What Would the Workforce Say

Commentary: Have the actions that HR took during the recession eroded its credibility with rank-and-file employees? Professionals would do well to ask themselves this most pertinent of questions.

April 28, 2010

One of the many benefits of my role in human resources executive education is that I get to listen to a lot of different senior HR managers and chief HR officers talk candidly about their organizations and their function. While I obviously have to be careful with what I share, every once in a while a conversation comes along that demands to be written about. Last month I was privileged to be part of a conversation that not only needs to be written about, but needs to be joined by HR professionals at all levels of all organizations.

At the close of a teleconference of about a dozen high-profile current and former chief HR officers, the chair and moderator asked if there were any other topics that were on anyone’s mind before we all signed off and got back to work.

After a moment of silent contemplation, Bill Conaty, my former boss and the retired head of HR at GE, asked if anyone was worried that our behaviors as a function in support of the business through the recent and prolonged “Great Recession” may have eroded our credibility with the workforce. The silence now was deafening. But eventually, one participant acknowledged that though perhaps not completely front of mind, the concern was valid, and real. Others quickly chimed in, recognizing that the role of HR in a business crisis behaviorally favors the needs of the business, it has to. But they all admitted that the question made them think.

Over the next week I thought more about Bill’s question. I remembered a vignette from early in my HR career when I was forced to confront my personal commitment to employee advocacy. I was less than six months out of college, working in a factory in Kalamazoo, Michigan, when the corporate HR office asked me if I would be interested in returning to Cornell as a recruiter for the company.

Interested? I was thrilled! Eager to share my excitement with others, I decided to ask for input on how to select the right people. I started with Dave Langland, the surly leader of HR in the unionized factory, and someone whose perspective I valued. His answer stopped me cold, and has stayed with me for 32 years.

I asked Dave, “How do you know who will do well in an HR career?” Dave pushed his big chair back, put his old dirty safety shoes up on the corner of his cluttered desk, and said, “Nine out of 10 people who are interested in HR will tell you it’s because they like people. Don’t hire them. One will tell you, ‘People are no damn good and somebody has to watch them, that’s why I’m interested in HR.’ Hire that one.”

I was shocked. Could I really go back to campus and look for an angry cynic? I thanked Dave and walked out of his office dazed and confused.

Like so many other life lessons, the true meaning of Dave’s words did not reveal themselves all at once or right away. But as my career moved forward, I had many occasions to revisit the advice given to me by that early mentor. I eventually came to understand that what Dave meant was that people who want to be successful in HR have to have a backbone, and a strong one, to uphold their responsibility as the steward of the employee experience.

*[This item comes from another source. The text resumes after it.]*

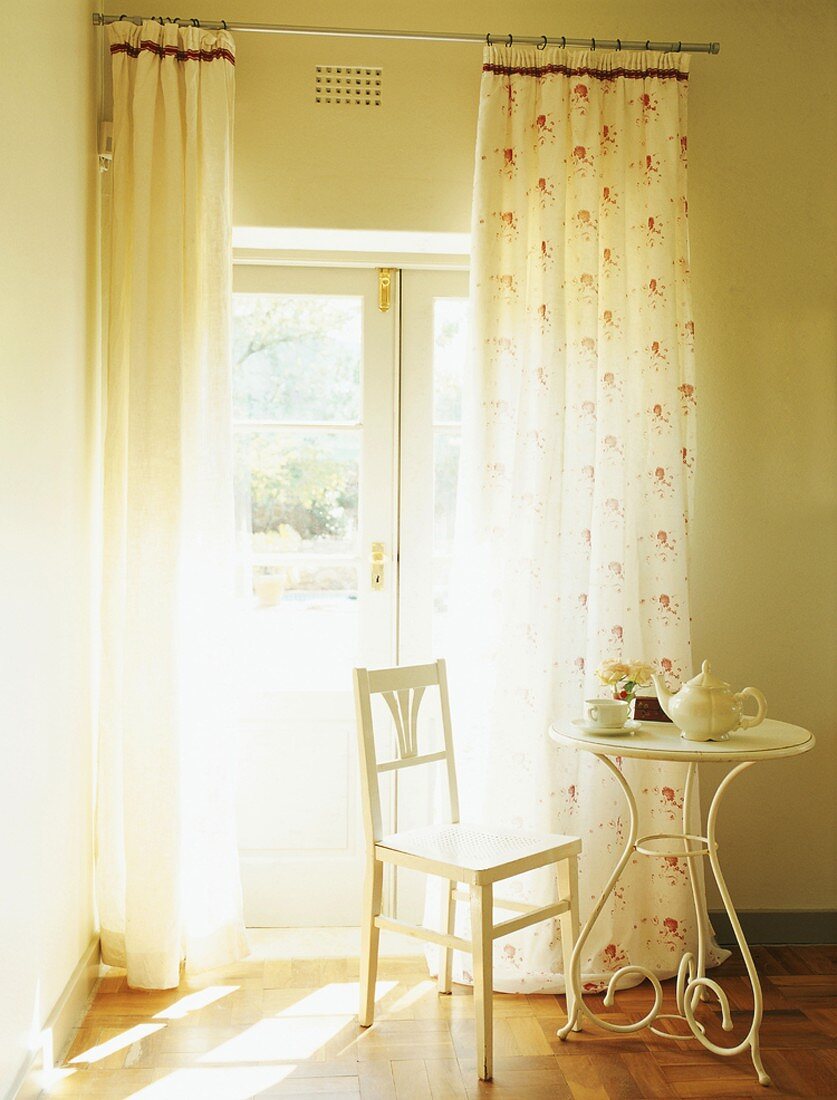 Romantische Sitzecke mit kleinem Kaffeetisch und Holzstuhl in Weiß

While not all people are “no damn good,” there is evil in this world, and eventually, given a long enough career, you will run into it in HR. Langland was at the very front end of the movement from administrative “personnel” and tough “labor relations” to the more enlightened era of “human resources,” so he was concerned that the pendulum was being pushed too far, swinging in the direction of company picnics and “feel good” HR. I was too young and too inexperienced to fully grasp his concern, but over time I came to accept his wisdom.

And now, after looking back, and reflecting on Bill Conaty’s contemporary question, I am struck by the duality. Being successful in HR requires the ability to be tough and decisive and to move quickly to support the needs of the business. But it also requires the ability to be affirming and supportive and to nurture strong relationships based in trust through which feedback can flow freely. Working fluidly along this continuum and staying true to some bedrock personal value system builds the most significant differentiator among great HR people: They have credibility across all populations, from the factory floor to the boardroom.

In situations like the recession, or in an environment of incremental evil such as that revealed inside Enron, competent, committed HR people need to be tough as nails, and sometimes must even be willing to “turn in their badge” rather than silently go along.

But at the same time, they need to remember that employees need a voice and a perception of fairness in bad times just as much as good. The challenge for the chief HR officer is to always have a sense of where on that continuum—from cop to advocate—the collective view of the HR function currently lies. Thanks to Bill Conaty, a few more chief HR officers are probably assessing that right now.

In my writing, I have sometimes questioned our role in HR as “business partner.” I hope that in our zest to be business partners we have not allowed the pendulum to move too far away from the employee advocacy role. History has clearly shown us that if employees do not feel that they have a voice, and that their voice is heard and considered, they will find help in securing that voice—or they will find another job.

Coming out of a recession is not a good time to be fighting off new unions, or losing good employees. Maybe we should all be asking the question that Bill Conaty did on this call: Are we doing what we need to do as stewards of the employee experience? Are we both business partner and employee advocate? What would the workforce say?